The position of the grand pensionary is not easily expressed in modern political terms but is sometimes compared to that of a prime minister. Fundamental differences are that a  had no fellow ministers and no head of state above him.

Etymology
Its Dutch name, , can be literally translated as "councillor pensionary". A pensionary in general was a lawyer paid by a city council to advise them on a permanent basis. Because of the regular payments he was a pensionarius in mediaeval Latin. Such a person was called a stadsadvocaat in the Dutch language. The States of Holland and West-Friesland had a pensionary who was a council member, a raad, himself. He was, therefore, Raedt ende Pensionaris in seventeenth-century Dutch, which later was simplified to raadpensionaris or raadspensionaris. French diplomats referred to the raadpensionaris of Holland as the Grand-pensionnaire, to discern him from comparable officials in Dutch provinces of lesser importance. This embellishment was not used by the Dutch themselves. In English the French was translated as "Grand Pensionary". The Estates of the province of Zealand also had a raadpensionaris, which also could be referred to as a Grand Pensionary. The provinces of Groningen and Gelderland had a simple pensionaris. The provinces of Utrecht and Friesland had a landsadvocaat.

History 
The office started in 1619 and replaced the title of land's advocate. If the position of stadtholder of Holland was filled, then the grand pensionary was often the second leader of the Republic. Being the raadpensionaris of Holland, the grand pensionary acted as the chairman of States of Holland. He was appointed by the Estates but could also instantly be fired by the Estates. The city council of Dort, which was seen as the oldest city of Holland, had the right to nominate a new grand pensionary. When the grand pensionary was absent, he was temporarily replaced by the stadsadvocaat or pensionary of Dort.

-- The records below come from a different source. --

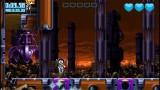 Joc Mighty Force Collection pentru Nintendo Switch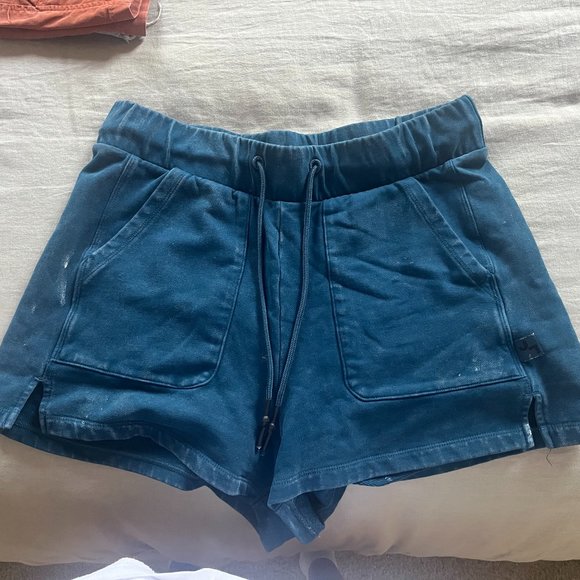 Joy Lab Womens Shorts - Picture 1 of 3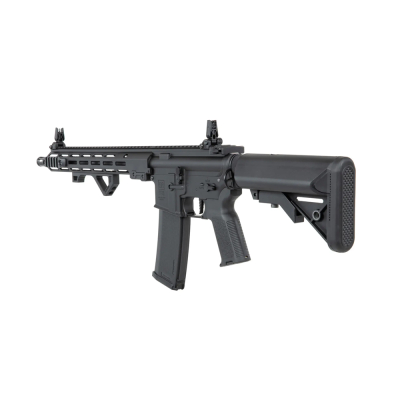                             SA-P22 Prime™ HAL™ ETU                        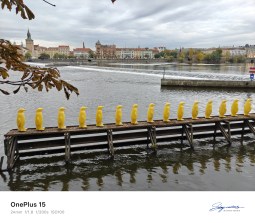oplus_2097152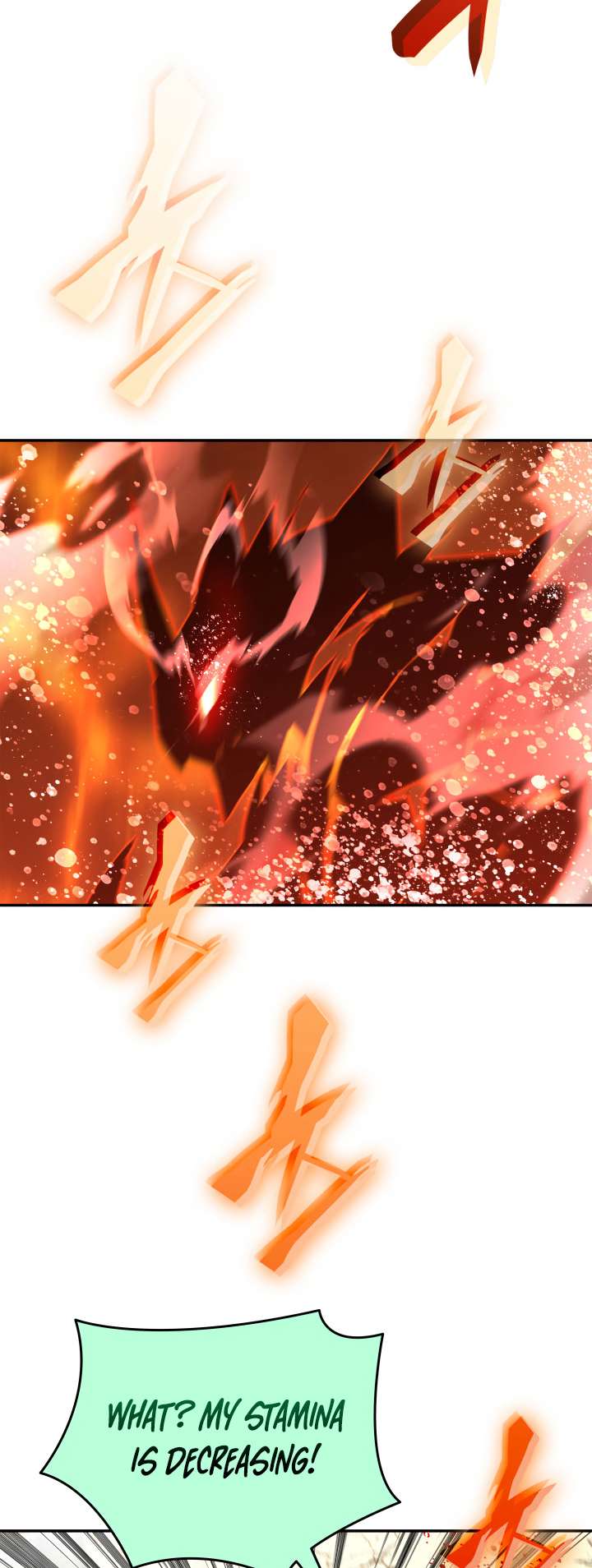 Page 14 of Chapter 164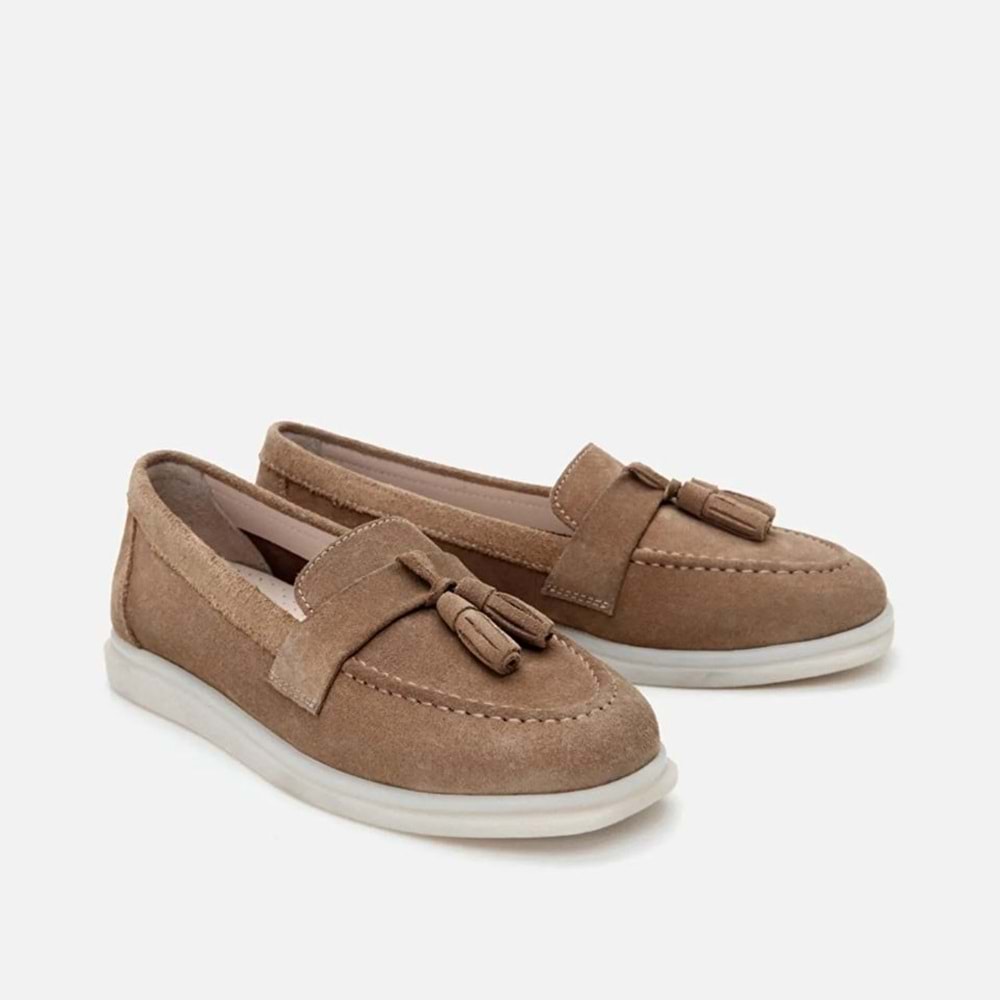 Loafer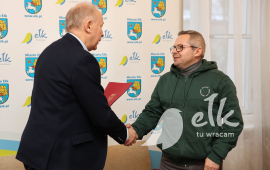 Zdjęcie: 4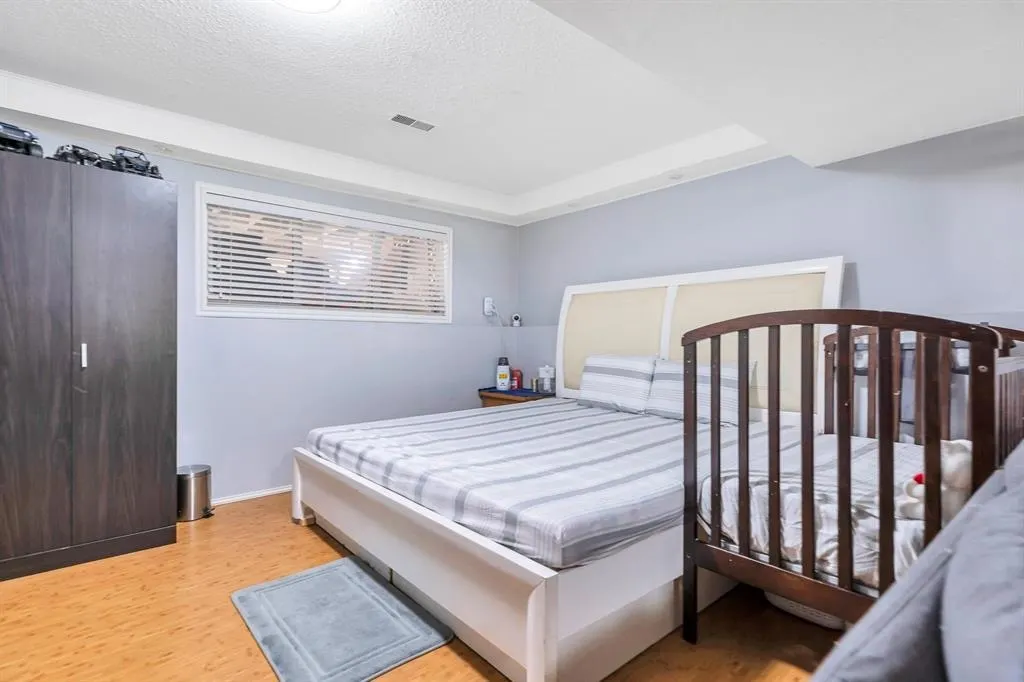 32678 Pandora Avenue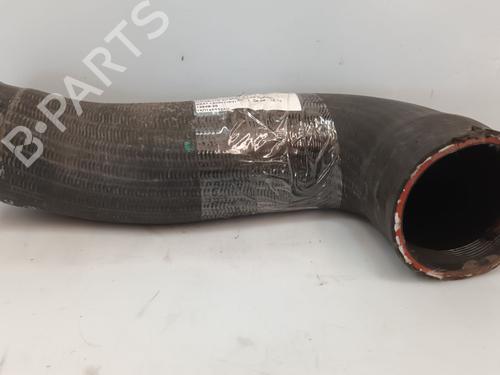 Autre SEAT LEON (1P1) [2005-2013]  29926036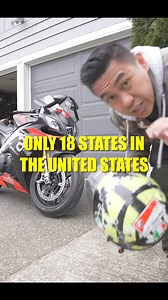 441_How to put on a Motorcycle Helmet #motorcycles #motorcyclehelmet #sportbike #bikelife #motorcyclesoftiktok #sportbik#motorcycle #moto #bikelife #motorbike #r #yamaha #bike #biker #honda #harleydavidson #motorcycles #kawasaki #ktm #bikersofinstagram #suzuki #ride #instamoto #ducati #rr #bikers | Whynot_ride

Sessions of the Estates were ruled by a procedure that was very different from that of modern parliaments. No votes were held on some proposal and there was no round of debates. The grand pensionary controlled the agenda. He introduced a subject and then invited the members to state their opinions, which was done in a fixed order, reflecting the dates the cities they represented had been given city rights. At the end, the grand pensionary summarised each of the statements of the delegates, with an implicit conclusion about what collective decision had been made by this. This way, if he was a competent man, he could control the entire decision-making process, especially as one of his duties was to represent the ten members of the nobility delegates—the —in their absence and phrase the single opinion they as a body had the right to express. The office existed because all delegates of the States were, although ranked according to ancient feudal hierarchy, still basically equal and none among them could thus act as a head.

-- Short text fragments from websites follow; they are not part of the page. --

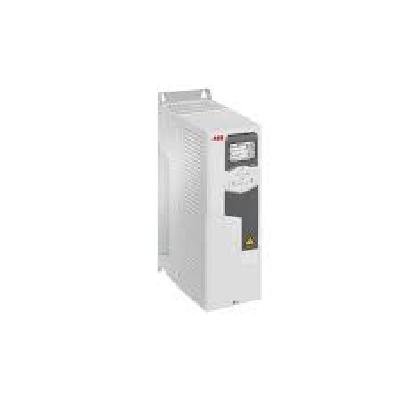 ABB ACS800 Variable Frequency Drives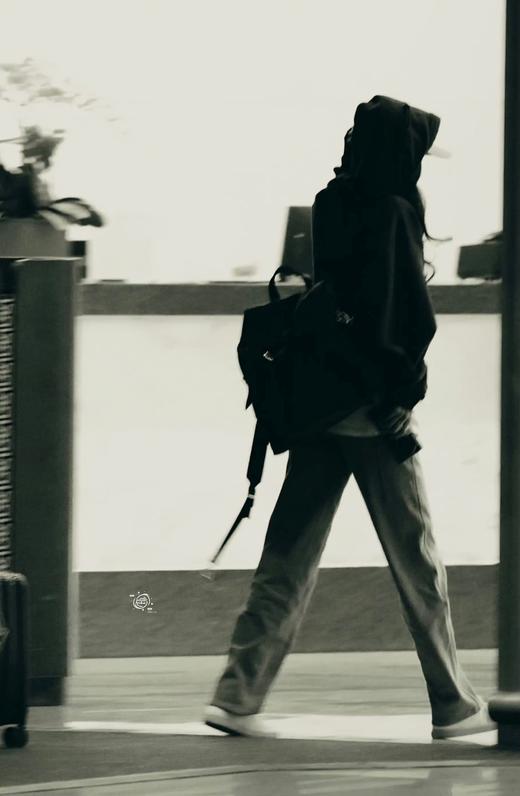 299，亲友团 商品图4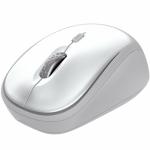 Teclado numérico Trust 25467 Branco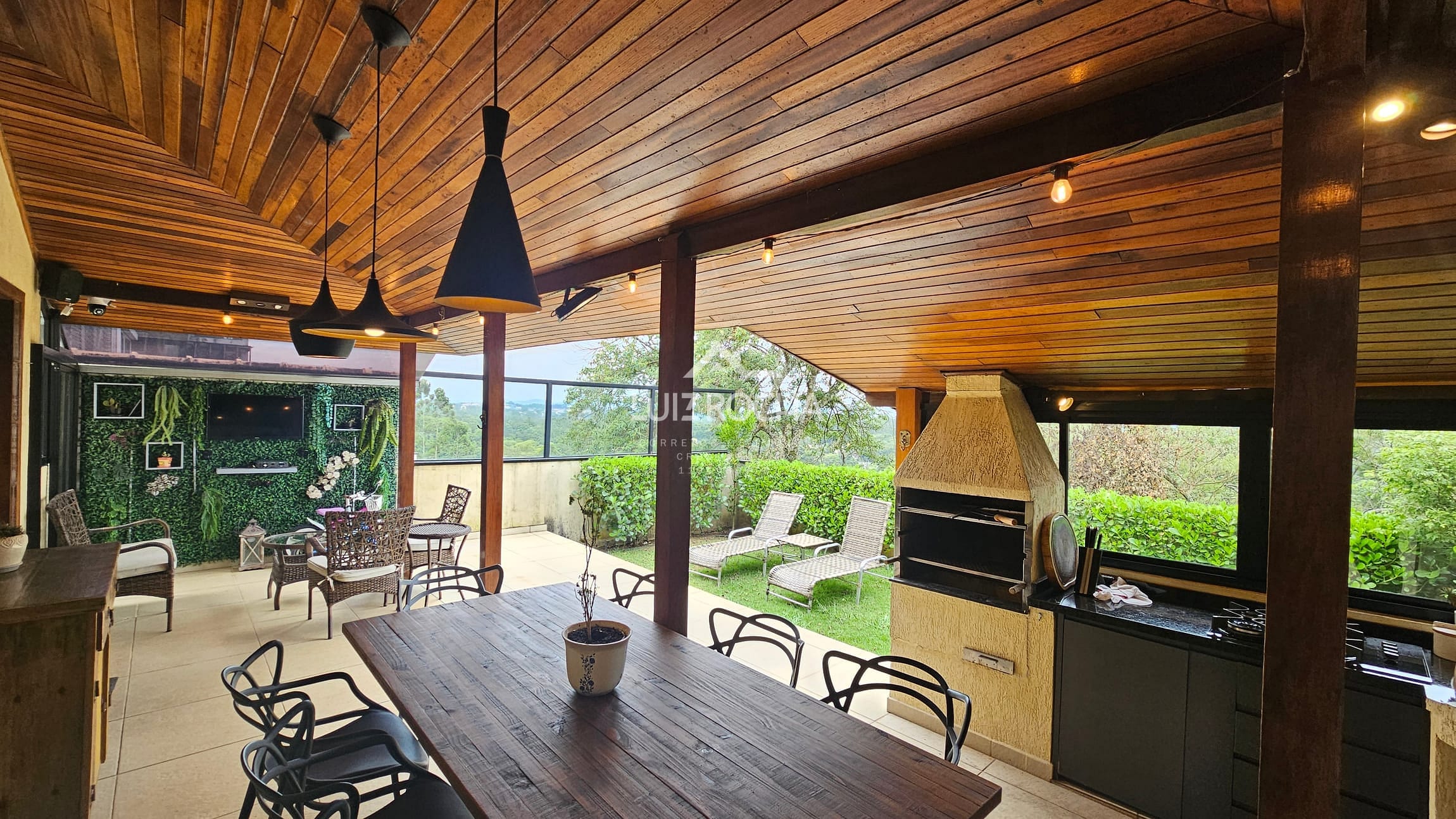 Casa, 3 quartos, 180 m² - Foto 40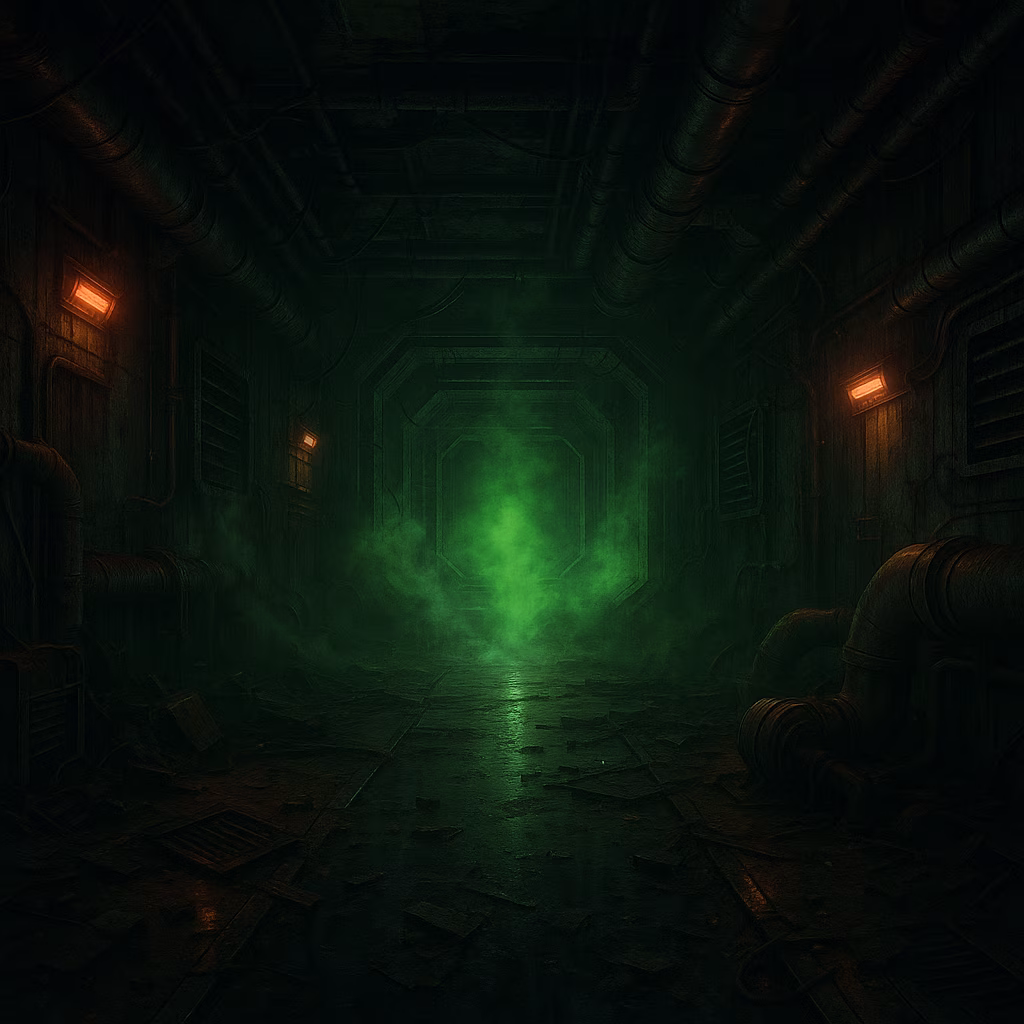 honkai-star-rail-save-path-characters-guide-image-0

The grand pensionary also took care of the total correspondence of the Estates. He thus handled communications with lower administrative bodies, the other provinces of the Republic, the States General of the Netherlands, and foreign powers. This means his function combined elements of the duties performed by modern ministers of internal and foreign affairs. Letters to the Estates could be read by all the members. Therefore, messages of a more secretive nature were sent to the grand pensionary personally. Large parts of the correspondence of the various grand pensionaries have been preserved, forming an important source of information for later historians. The diplomatic contacts of the Republic were in principle managed by the States General. However, they were ill-equipped to receive and entertain envoys with the pomposity needed in the seventeenth century to avoid offending foreign rulers. In practice, this was delegated to the court of the stadtholder of Holland, who also resided at The Hague. When no stadtholder was appointed, the grand pensionary received envoys.

The Batavian Republic of 1795 first abolished the office but in the last year of the Batavian Commonwealth, 1805–1806, the title had to be reinstituted on orders of Napoleon as part of a number of measures to strengthen the executive power; Rutger Jan Schimmelpenninck thus functioned for a short time as the last grand pensionary. He officially functioned as a president of the entire Republic, not just of Holland. In June 1806, Carel de Vos van Steenwijk was for two weeks acting grand pensionary as part of a transitional arrangement.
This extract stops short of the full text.